「けいおん!!」7話について

 昔、ヒガシの人がNHK教育で自説の監視社会の到来について話したことがありまして。
 そんとき司会をしてた手塚眞手塚治虫の長男)が「けど、私なんかは父が治虫ですから、周囲から視線を向けられることが、自分の意思によらずずっとあって、そういうなかで、こうして仕事したりTVに出たりしてるわけです。それと、どう違うんですか。なにがいけないんですか」といった趣旨のツッコミをしたときに、ヒガシの人は「え、だって、監視されるって、なんとなくヤじゃないですか」みたいな、「教養人の肩書き持ちとしては何とも情けない<こども>の逃げ」をしどろもどろに述べて、なんとなくうやむやで話題終了、というのがありまして。

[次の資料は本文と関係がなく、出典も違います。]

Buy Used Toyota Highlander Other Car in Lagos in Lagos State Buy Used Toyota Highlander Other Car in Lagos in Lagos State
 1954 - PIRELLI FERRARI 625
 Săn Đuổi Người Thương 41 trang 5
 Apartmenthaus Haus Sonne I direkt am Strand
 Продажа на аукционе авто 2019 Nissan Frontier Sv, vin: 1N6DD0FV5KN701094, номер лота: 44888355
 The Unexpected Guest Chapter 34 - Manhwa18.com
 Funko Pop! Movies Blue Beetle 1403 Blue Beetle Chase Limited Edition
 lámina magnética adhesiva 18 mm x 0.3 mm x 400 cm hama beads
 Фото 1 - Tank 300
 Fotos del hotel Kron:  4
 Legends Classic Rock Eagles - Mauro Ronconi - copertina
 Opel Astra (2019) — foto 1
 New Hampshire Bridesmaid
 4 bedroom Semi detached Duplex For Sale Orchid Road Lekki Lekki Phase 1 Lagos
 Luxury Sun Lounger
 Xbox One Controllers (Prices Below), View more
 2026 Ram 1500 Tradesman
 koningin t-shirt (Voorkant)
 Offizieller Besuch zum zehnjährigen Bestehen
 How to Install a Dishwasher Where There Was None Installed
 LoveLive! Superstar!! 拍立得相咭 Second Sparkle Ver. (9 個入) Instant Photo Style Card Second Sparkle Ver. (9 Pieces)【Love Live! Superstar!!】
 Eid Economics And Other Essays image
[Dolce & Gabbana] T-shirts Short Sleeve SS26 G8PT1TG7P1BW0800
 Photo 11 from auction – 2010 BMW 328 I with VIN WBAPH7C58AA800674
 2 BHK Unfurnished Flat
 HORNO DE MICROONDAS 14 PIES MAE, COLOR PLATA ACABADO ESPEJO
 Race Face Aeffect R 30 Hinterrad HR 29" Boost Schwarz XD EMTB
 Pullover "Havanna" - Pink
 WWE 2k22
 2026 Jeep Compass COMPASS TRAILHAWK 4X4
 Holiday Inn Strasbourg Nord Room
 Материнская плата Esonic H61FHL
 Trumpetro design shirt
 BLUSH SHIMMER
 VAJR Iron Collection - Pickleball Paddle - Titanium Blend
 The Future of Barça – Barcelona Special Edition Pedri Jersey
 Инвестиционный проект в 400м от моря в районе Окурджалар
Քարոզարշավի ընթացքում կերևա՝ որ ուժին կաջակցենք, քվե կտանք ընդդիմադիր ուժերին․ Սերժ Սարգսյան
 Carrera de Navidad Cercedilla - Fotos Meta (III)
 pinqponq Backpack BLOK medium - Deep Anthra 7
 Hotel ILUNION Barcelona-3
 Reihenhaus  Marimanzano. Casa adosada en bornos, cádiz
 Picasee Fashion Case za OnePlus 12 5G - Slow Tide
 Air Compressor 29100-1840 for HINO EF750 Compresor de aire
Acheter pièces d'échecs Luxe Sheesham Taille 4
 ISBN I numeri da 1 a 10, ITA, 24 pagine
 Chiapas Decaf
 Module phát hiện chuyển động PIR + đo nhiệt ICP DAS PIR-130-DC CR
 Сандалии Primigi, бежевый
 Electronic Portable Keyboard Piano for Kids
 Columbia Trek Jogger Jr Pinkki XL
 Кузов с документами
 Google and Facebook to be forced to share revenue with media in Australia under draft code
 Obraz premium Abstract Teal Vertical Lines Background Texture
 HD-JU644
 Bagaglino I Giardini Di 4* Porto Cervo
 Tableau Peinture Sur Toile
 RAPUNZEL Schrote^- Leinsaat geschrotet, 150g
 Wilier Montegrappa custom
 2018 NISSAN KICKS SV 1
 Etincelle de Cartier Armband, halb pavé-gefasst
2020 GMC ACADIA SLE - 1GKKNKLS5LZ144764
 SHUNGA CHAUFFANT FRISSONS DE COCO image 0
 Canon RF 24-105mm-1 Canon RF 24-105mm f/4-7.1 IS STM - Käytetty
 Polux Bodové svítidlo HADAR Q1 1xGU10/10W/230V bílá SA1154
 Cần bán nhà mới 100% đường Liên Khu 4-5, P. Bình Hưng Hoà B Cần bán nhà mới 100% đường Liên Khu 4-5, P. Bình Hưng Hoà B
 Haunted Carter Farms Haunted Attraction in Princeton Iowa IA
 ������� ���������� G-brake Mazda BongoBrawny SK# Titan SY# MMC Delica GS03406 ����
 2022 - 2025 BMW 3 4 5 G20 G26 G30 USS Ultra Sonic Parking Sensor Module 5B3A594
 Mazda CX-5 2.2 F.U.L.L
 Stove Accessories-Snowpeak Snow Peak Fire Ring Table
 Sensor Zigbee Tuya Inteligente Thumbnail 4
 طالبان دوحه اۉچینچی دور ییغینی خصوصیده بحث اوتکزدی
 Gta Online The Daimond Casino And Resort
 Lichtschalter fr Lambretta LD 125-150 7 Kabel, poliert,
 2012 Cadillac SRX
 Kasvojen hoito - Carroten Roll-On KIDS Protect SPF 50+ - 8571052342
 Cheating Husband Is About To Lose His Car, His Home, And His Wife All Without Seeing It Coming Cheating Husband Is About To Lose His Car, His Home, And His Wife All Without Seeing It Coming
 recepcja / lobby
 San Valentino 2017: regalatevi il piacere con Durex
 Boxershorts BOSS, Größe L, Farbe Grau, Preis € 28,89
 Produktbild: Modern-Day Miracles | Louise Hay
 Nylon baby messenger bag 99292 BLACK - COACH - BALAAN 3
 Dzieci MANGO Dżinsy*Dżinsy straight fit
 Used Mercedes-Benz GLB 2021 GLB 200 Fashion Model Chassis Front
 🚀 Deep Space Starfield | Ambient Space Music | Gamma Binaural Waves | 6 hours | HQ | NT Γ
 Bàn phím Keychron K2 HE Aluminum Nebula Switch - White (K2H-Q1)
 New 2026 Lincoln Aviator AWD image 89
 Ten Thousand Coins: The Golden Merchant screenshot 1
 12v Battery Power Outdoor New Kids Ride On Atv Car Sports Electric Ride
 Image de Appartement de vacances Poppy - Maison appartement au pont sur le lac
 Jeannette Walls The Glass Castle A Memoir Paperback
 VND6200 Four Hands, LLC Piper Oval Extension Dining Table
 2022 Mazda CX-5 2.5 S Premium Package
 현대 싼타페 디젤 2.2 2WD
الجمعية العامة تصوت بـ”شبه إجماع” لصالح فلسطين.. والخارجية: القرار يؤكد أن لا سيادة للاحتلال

 TVのハルヒがね、あんだけ大騒ぎして派手な真似をして、それでもなお、その声が届く範囲は限られていて、商店街のおっさんに名前を覚えてもらえない、なんて話題もありましたが。バニーガールやってもバンドやっても全ての視線がハルヒに集中したりはしない、というのは、一方で子どもであり続けること、救いでもあって。でも、じゃあ、見られることって、どうなん。

けいおん!!」は1、2、4〜9話まで、みました。

 最初から「卒業」を巡る話で、それぞれに、お題を割り振ってるのはまぁ、判るんです。ギターを「もう弾かないから」といって売ったり、修学旅行で3年生がいなくなった学園を描いたり。それぞれの題材を、なんかわりと散漫に、とりたてて話をまとめる気のないように好きにやってて、作り方としては割りと自由な作り方かなあ、と見えなくもない、というか、1期と違って予算増えてスタッフも増えてるだろうし、原作ネタも少ないだろうから、そーゆー作り方なんだろーなー、と思ってたのですが。

 むしろ、それでいいんだと思えたのが7話「お茶会!」だったのでした。 

 学園が、軽音部が、唯たちの過ごしている現在であるならば、卒業ってナニ、なんてこたー、言えるわきゃあない。語りえない未来、あるいは、軽音部で過ごす日々を生と呼ぶなら、卒業は当然、死のメタファーだったりするんだろうけども、死後の、彼岸のことなんざ、語りえない他者性として示されるしかないわけです。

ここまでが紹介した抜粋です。